NGROK_URL = os.environ["NGROK_LLM_URL"]
AUTH = ("user", "strongpassword123")

def query_ollama(prompt, model="llama3"):
    response = requests.post(
        f"{NGROK_URL}/api/generate",
        auth=AUTH,
        json={
            "model": model,
            "prompt": prompt,
            "stream": False
        },
        timeout=120
    )
    response.raise_for_status()
    return response.json()["response"]

print(query_ollama("Explain recursion in one sentence."))

And here's one for OpenAI-compatible servers (LM Studio, llama.cpp):

from openai import OpenAI

client = OpenAI(
    base_url=os.environ["NGROK_LLM_URL"] + "/v1",
    api_key="not-needed"
)

response = client.chat.completions.create(
    model="local-model",
    messages=[{"role": "user", "content": "What is ngrok?"}],
    temperature=0.7
)

print(response.choices[0].message.content)

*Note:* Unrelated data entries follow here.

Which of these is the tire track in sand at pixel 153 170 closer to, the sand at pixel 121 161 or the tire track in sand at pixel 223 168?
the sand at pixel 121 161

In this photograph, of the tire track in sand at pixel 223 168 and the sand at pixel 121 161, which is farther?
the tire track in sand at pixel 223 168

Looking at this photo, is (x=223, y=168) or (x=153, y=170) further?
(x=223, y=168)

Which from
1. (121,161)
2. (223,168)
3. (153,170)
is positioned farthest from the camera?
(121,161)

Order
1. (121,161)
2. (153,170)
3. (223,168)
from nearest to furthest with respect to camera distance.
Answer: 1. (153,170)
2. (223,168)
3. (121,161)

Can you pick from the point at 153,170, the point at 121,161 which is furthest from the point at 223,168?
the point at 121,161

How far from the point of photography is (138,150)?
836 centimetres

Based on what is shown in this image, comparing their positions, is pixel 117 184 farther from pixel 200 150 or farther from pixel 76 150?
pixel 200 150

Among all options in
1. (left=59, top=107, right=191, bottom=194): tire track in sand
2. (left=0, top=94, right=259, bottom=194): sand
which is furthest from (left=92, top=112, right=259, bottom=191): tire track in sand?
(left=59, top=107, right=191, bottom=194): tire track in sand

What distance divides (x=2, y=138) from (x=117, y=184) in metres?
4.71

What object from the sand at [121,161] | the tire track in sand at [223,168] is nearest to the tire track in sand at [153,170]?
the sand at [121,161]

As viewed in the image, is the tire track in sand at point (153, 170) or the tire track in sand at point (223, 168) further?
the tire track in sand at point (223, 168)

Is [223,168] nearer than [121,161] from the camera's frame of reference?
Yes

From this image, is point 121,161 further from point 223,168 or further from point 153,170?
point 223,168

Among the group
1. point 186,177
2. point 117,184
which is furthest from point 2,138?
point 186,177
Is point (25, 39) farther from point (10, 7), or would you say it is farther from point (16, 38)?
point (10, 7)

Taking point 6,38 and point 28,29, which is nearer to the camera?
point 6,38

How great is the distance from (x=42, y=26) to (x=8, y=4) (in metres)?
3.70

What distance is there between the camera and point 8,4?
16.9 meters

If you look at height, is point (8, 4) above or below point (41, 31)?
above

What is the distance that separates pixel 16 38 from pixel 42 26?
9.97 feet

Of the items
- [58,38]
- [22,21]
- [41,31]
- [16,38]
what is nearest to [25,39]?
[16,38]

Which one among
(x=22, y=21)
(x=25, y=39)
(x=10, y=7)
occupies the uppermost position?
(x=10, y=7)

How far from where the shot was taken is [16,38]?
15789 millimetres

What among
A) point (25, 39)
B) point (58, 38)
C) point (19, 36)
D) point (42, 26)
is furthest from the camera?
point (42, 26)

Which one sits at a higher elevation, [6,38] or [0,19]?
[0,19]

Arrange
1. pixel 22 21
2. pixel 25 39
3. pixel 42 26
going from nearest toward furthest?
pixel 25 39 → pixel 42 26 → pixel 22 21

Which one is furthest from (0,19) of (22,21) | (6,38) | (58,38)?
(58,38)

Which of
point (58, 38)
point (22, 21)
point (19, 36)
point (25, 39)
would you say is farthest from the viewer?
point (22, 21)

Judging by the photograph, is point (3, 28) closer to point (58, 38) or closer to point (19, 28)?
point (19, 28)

The advantage of the OpenAI SDK approach is that your code works the same whether you point it at a local model via ngrok or at the real OpenAI API. Just change the base_url.

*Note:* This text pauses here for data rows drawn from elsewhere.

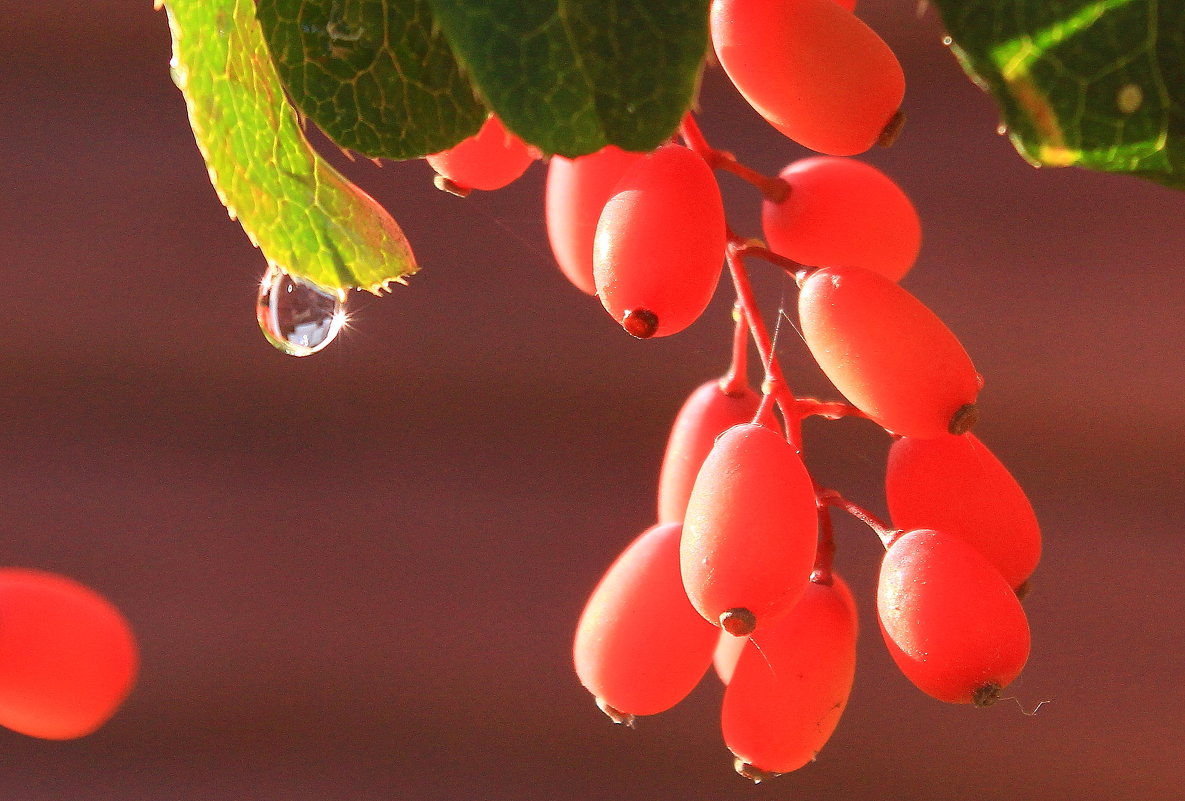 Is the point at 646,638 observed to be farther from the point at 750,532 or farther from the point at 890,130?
the point at 890,130

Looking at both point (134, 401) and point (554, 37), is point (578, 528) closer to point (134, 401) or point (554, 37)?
point (134, 401)

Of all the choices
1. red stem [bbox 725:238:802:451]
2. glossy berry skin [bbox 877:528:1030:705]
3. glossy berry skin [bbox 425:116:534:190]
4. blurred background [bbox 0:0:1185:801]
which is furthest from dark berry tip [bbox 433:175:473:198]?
blurred background [bbox 0:0:1185:801]

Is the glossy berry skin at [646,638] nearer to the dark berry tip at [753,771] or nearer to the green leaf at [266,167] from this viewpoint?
the dark berry tip at [753,771]

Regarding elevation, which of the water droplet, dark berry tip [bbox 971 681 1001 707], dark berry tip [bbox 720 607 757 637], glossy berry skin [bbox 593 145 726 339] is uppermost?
the water droplet

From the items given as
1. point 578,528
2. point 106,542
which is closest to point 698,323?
point 578,528

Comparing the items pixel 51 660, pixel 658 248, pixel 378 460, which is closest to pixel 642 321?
pixel 658 248

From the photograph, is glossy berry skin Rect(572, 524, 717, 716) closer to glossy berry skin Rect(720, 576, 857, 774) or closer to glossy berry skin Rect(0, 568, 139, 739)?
glossy berry skin Rect(720, 576, 857, 774) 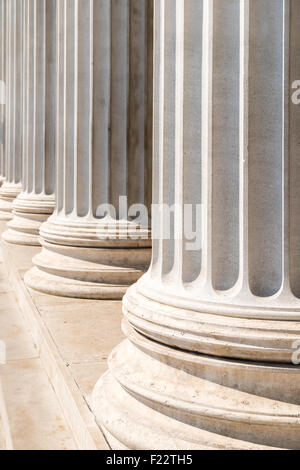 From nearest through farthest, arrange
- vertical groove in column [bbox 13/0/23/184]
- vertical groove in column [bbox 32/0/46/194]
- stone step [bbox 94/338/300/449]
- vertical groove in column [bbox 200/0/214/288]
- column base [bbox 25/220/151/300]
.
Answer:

Store the ngrok URL in an environment variable. On the free tier, it changes every time you restart the tunnel.

Real Use Cases

Mobile app development. I build a chat interface on iOS, point it at the ngrok URL, and test inference on my phone without deploying anything. Change the model, tweak parameters, instantly see results.

Team demos. When I want to show a colleague what a local fine-tuned model can do, I send them the ngrok URL and basic auth credentials. They can test from their browser or Postman.

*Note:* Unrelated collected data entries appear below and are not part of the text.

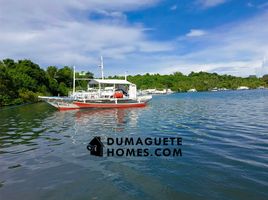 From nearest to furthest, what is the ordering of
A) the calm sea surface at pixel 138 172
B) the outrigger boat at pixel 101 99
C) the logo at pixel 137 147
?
the calm sea surface at pixel 138 172 < the logo at pixel 137 147 < the outrigger boat at pixel 101 99

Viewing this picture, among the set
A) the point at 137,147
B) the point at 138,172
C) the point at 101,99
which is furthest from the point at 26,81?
the point at 138,172

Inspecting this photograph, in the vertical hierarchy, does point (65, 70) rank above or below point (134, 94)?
above

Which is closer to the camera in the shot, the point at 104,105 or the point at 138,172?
the point at 138,172

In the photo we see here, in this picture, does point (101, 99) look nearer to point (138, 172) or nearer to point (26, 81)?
point (26, 81)

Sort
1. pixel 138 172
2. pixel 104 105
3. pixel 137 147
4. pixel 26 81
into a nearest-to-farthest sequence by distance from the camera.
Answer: pixel 138 172, pixel 137 147, pixel 104 105, pixel 26 81

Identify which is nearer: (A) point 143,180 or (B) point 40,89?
(A) point 143,180

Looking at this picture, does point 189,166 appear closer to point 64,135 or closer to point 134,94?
point 64,135

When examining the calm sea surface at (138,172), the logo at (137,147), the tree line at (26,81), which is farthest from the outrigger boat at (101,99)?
the calm sea surface at (138,172)

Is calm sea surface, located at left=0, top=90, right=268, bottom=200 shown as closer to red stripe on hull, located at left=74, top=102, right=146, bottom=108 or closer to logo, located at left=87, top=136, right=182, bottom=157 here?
logo, located at left=87, top=136, right=182, bottom=157

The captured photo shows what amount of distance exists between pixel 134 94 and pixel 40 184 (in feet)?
181

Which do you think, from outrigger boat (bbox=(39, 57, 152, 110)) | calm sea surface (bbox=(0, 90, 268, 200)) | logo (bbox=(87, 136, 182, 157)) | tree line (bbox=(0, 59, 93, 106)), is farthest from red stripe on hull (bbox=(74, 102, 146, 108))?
calm sea surface (bbox=(0, 90, 268, 200))

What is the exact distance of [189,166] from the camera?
1416cm

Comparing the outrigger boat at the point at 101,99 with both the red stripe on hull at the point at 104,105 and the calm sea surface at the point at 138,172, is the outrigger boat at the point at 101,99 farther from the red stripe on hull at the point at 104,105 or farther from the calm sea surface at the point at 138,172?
the calm sea surface at the point at 138,172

Webhook integrations. Building a Slack bot or Telegram bot that calls your local LLM? Those platforms need a public URL to send events to. ngrok gives you one without deploying a server.

CI/CD testing. Run integration tests in GitHub Actions against a local model exposed via ngrok. Useful when you want to test prompt templates against a specific model version.

Common Issues

Connection refused: Your LLM server isn't running, or it's bound to a different port. Verify with curl http://localhost:PORT before starting ngrok.

Slow responses: Large models on CPU are slow. Use quantized models (Q4_K_M or Q5_K_M for a good quality/speed tradeoff). If you have a GPU, make sure the model is actually loaded on it — check with nvidia-smi. For a deeper dive into quantization techniques, see our guide on fine-tuning LLMs with QLoRA.

Tunnel drops after a few hours: Free tier limitation. Restart ngrok, or write a simple shell script that restarts it automatically:

#!/bin/bash
while true; do
  ngrok start ollama
  echo "Tunnel dropped. Restarting in 5 seconds..."
  sleep 5
done

ngrok-free.app browser warning: Free tier URLs show a warning page on first visit in a browser. API calls (curl, Python requests) are not affected. Add the ngrok-skip-browser-warning header to bypass it programmatically:

curl -H "ngrok-skip-browser-warning: true" \
  https://abc123.ngrok-free.app/api/generate \
  -d '{"model": "llama3", "prompt": "Hello", "stream": false}'

When Not to Use ngrok

ngrok is for development and experimentation. For production workloads, consider:

Cloudflare Tunnels — free alternative with stable URLs, but more setup involved
Tailscale — peer-to-peer mesh VPN, great for accessing your machine from your own devices without exposing to the public internet
VPS with Docker — deploy Ollama on a cheap GPU instance if you need uptime guarantees
Cloud LLM APIs — if latency and cost are acceptable, skip local entirely

My Daily Workflow

Start Ollama (ollama serve)
Run ngrok start ollama
Copy the URL, export it: export NGROK_LLM_URL=https://...
Test with curl to confirm it's live
Use the URL in whatever I'm building that day
Monitor at localhost:4040 if debugging

It takes 30 seconds from cold start to a working remote LLM endpoint. No cloud bills. No deployment pipeline. Just a tunnel.

Summary

ngrok turns your local LLM into a remote API with one command. The setup is: install ngrok, authenticate, run ngrok http <port>, add basic auth. That's it.

Start with the free tier to see if the workflow fits. Upgrade to a paid plan when you get tired of changing URLs every restart. Pair it with Ollama for the simplest possible local LLM setup, or use LM Studio and llama.cpp if you need more control over model loading and quantization. If you're new to running LLMs locally, our guide on how to train an LLM covers the fundamentals of model selection and setup.